Each line at or after the one containing "Bracelet en agate dentelle bleue" should be transcribed exactly, up to and including the final line of the data.

- - - - -

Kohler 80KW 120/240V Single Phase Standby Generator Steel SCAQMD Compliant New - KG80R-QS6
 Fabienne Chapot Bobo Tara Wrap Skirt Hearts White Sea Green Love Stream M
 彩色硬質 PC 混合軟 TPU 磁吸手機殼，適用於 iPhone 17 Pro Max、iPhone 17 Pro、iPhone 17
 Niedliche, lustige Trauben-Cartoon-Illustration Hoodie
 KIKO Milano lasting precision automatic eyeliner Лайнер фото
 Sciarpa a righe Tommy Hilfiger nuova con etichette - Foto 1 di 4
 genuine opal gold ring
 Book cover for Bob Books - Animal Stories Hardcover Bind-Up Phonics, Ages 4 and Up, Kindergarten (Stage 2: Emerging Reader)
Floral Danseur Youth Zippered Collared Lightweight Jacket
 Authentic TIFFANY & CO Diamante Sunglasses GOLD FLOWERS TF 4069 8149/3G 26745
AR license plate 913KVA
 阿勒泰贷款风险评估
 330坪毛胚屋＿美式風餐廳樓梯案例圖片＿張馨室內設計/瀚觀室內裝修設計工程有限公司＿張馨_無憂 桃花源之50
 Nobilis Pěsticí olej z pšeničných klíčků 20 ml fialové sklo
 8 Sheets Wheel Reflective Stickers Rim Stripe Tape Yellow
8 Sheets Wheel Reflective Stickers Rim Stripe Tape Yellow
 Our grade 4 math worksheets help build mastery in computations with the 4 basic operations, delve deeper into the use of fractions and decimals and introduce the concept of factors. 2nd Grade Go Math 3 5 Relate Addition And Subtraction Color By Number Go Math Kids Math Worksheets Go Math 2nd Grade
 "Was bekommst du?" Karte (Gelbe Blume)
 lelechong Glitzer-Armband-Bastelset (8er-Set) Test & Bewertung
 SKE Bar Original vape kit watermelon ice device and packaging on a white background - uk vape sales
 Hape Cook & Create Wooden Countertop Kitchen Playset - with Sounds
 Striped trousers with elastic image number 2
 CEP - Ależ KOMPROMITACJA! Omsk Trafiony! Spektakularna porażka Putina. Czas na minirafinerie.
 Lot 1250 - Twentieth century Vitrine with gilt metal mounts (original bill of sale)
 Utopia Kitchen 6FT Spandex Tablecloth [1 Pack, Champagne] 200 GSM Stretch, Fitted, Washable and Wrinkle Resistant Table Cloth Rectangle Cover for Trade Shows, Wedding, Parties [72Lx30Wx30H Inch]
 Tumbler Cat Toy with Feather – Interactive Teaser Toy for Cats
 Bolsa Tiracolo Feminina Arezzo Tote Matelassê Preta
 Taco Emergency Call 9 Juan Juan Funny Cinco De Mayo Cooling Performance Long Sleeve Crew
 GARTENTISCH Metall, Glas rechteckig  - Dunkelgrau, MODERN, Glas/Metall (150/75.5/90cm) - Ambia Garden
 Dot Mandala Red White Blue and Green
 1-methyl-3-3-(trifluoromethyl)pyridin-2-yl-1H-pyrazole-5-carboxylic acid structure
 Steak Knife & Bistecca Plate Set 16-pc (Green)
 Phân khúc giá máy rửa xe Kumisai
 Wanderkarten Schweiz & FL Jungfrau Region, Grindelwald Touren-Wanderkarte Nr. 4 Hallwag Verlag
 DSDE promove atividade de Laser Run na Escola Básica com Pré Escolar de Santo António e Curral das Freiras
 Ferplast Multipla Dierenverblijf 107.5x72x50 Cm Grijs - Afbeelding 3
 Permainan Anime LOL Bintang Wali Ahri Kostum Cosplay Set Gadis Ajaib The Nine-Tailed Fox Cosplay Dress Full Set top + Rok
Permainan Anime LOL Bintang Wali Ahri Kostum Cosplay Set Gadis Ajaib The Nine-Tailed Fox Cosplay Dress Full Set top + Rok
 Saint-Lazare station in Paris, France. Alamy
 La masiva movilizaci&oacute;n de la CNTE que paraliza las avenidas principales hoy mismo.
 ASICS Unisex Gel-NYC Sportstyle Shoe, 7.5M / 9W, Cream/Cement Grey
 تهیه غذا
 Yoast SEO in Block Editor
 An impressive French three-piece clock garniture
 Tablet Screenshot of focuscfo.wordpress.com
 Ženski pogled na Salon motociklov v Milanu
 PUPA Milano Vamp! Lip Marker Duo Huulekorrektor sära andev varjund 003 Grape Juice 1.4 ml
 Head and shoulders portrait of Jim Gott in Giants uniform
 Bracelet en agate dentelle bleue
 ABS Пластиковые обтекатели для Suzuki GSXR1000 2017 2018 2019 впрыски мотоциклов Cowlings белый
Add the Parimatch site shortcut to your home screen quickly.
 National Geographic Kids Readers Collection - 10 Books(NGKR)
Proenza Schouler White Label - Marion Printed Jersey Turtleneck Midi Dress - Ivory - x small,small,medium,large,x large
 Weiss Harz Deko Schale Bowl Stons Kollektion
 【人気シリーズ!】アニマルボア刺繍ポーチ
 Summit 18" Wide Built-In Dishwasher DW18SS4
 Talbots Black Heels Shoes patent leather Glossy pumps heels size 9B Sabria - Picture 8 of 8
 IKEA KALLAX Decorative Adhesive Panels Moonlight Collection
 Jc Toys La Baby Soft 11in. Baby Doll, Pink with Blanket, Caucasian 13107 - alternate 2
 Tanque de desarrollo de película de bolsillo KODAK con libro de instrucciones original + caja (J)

- - - - -

Answer to this problem »
 Bracelet en agate dentelle bleue
 ABS Пластиковые обтекатели для Suzuki GSXR1000 2017 2018 2019 впрыски мотоциклов Cowlings белый
Add the Parimatch site shortcut to your home screen quickly.
 National Geographic Kids Readers Collection - 10 Books(NGKR)
Proenza Schouler White Label - Marion Printed Jersey Turtleneck Midi Dress - Ivory - x small,small,medium,large,x large
 Weiss Harz Deko Schale Bowl Stons Kollektion
 【人気シリーズ!】アニマルボア刺繍ポーチ
 Summit 18" Wide Built-In Dishwasher DW18SS4
 Talbots Black Heels Shoes patent leather Glossy pumps heels size 9B Sabria - Picture 8 of 8
 IKEA KALLAX Decorative Adhesive Panels Moonlight Collection
 Jc Toys La Baby Soft 11in. Baby Doll, Pink with Blanket, Caucasian 13107 - alternate 2
 Tanque de desarrollo de película de bolsillo KODAK con libro de instrucciones original + caja (J)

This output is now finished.